• Nature · Mar 2017

    The allosteric inhibitor ABL001 enables dual targeting of BCR-ABL1.

    • Andrew A Wylie, Joseph Schoepfer, Wolfgang Jahnke, Sandra W Cowan-Jacob, Alice Loo, Pascal Furet, Andreas L Marzinzik, Xavier Pelle, Jerry Donovan, Wenjing Zhu, Silvia Buonamici, A Quamrul Hassan, Franco Lombardo, Varsha Iyer, Michael Palmer, Giuliano Berellini, Stephanie Dodd, Sanjeev Thohan, Hans Bitter, Susan Branford, David M Ross, Timothy P Hughes, Lilli Petruzzelli, K Gary Vanasse, Markus Warmuth, Francesco Hofmann, Nicholas J Keen, and William R Sellers.
    • Novartis Institutes for BioMedical Research, Cambridge, Massachusetts 02139, USA.
    • Nature. 2017 Mar 30; 543 (7647): 733-737.

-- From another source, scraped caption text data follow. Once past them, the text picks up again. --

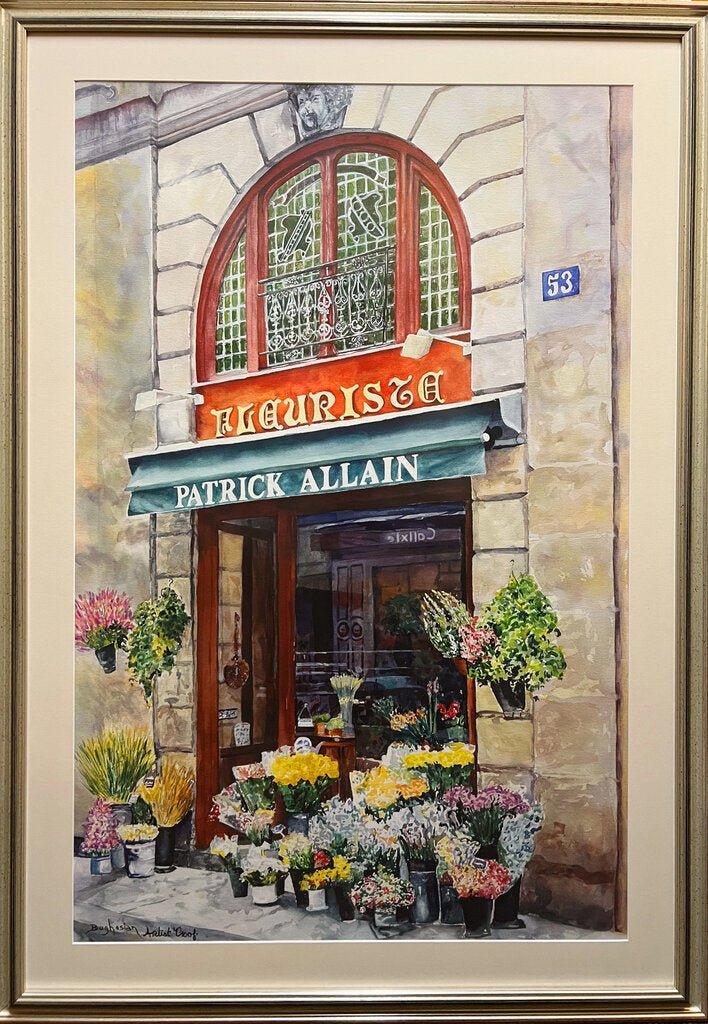 Nicholas Boghosian. "Fleurista". Giclee Print of Original Water Color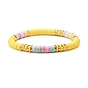 Ensemble de bracelets extensibles de perles heishi en argile polymère et hématite synthétique, bracelets empilables yoga surf femme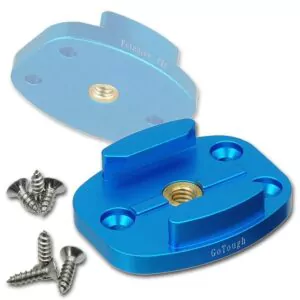 Fotodiox GoTough QR Halterung mit Schraubenlöchern Blau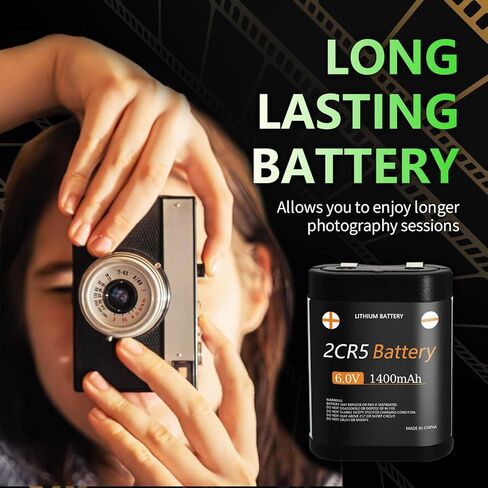 بطارية 6V CR-P2 ، 2025 ترقيات جديدة ، تحل بطارية Lithium Photo Battery محل بطاريات 223A و 2CR-P2 و EL223AP و DL223A 1600MAH (10 حزم) in Kuwait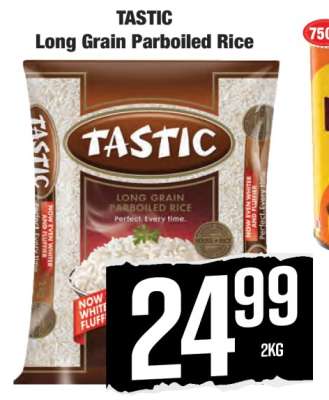 Tastic Long Grain Parboiled Rice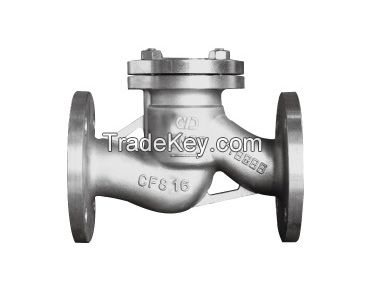 Stainless steel lifting check valve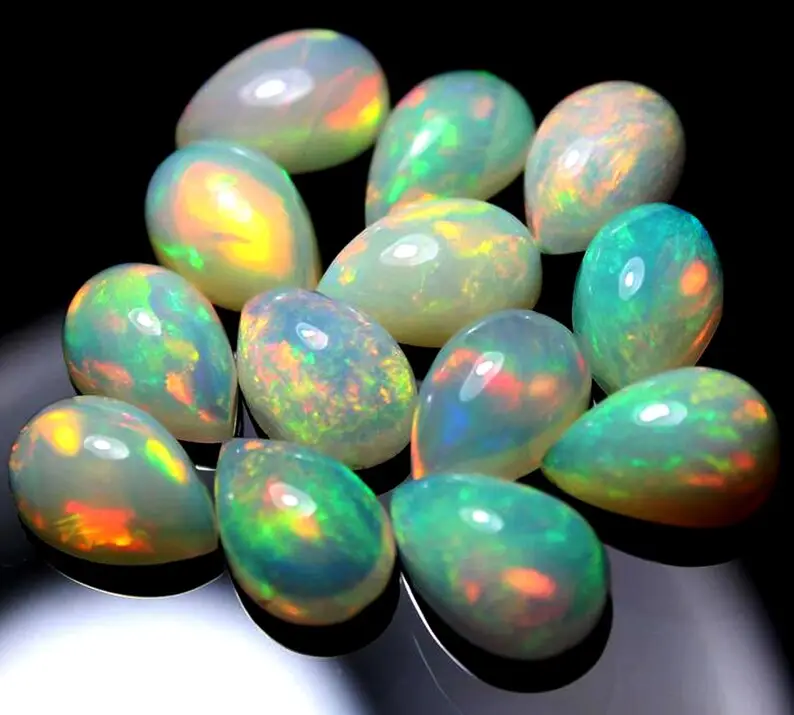 Echt Ethiopische Opal Cabochon Ovale Vorm Aangepaste Handgemaakte Edelsteen Top Kwaliteit Real Gems Natuurlijke Ethiopische Welo Opal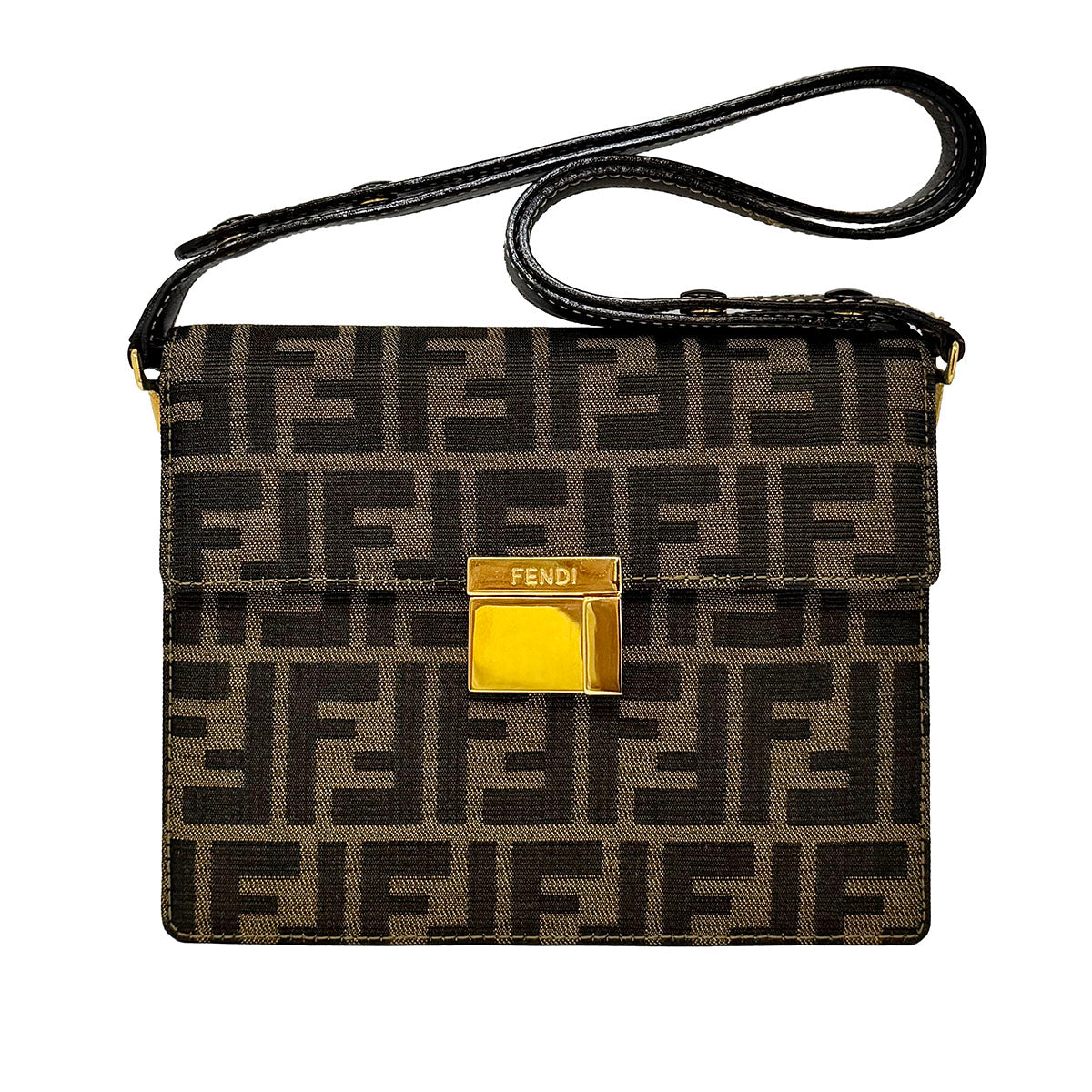 Fendi Zucca Canvas Shoulder Bag
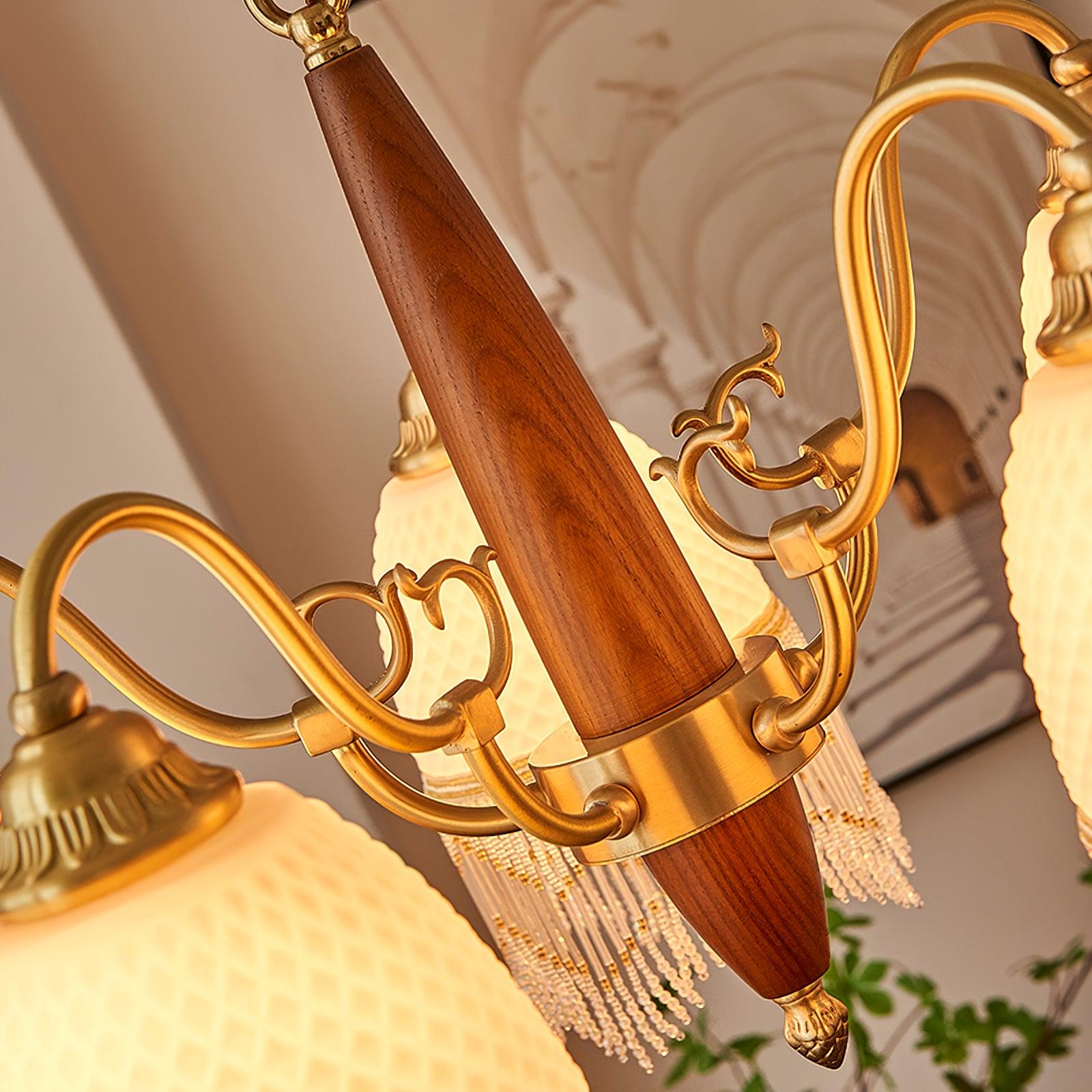 Aurora Chandelier Tassel Glass Vintage - Letslighting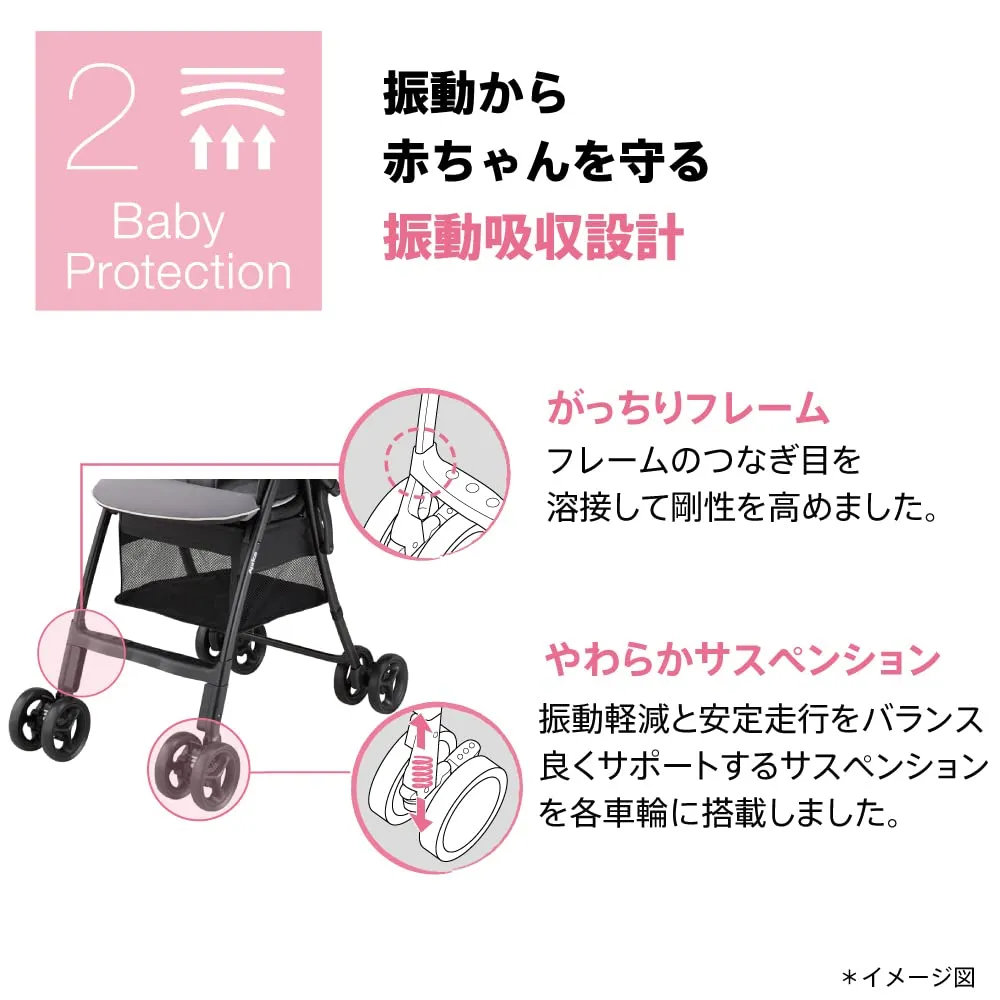 アップリカ カルーンエアー AD 2189465 A型ベビーカー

    AbstractChronic myeloid leukaemia (CML) is driven by the activity of the BCR-ABL1 fusion oncoprotein. ABL1 kinase inhibitors have improved the clinical outcomes for patients with CML, with over 80% of patients treated with imatinib surviving for more than 10 years. Second-generation ABL1 kinase inhibitors induce more potent molecular responses in both previously untreated and imatinib-resistant patients with CML. Studies in patients with chronic-phase CML have shown that around 50% of patients who achieve and maintain undetectable BCR-ABL1 transcript levels for at least 2 years remain disease-free after the withdrawal of treatment. Here we characterize ABL001 (asciminib), a potent and selective allosteric ABL1 inhibitor that is undergoing clinical development testing in patients with CML and Philadelphia chromosome-positive (Ph+) acute lymphoblastic leukaemia. In contrast to catalytic-site ABL1 kinase inhibitors, ABL001 binds to the myristoyl pocket of ABL1 and induces the formation of an inactive kinase conformation. ABL001 and second-generation catalytic inhibitors have similar cellular potencies but distinct patterns of resistance mutations, with genetic barcoding studies revealing pre-existing clonal populations with no shared resistance between ABL001 and the catalytic inhibitor nilotinib. Consistent with this profile, acquired resistance was observed with single-agent therapy in mice; however, the combination of ABL001 and nilotinib led to complete disease control and eradicated CML xenograft tumours without recurrence after the cessation of treatment.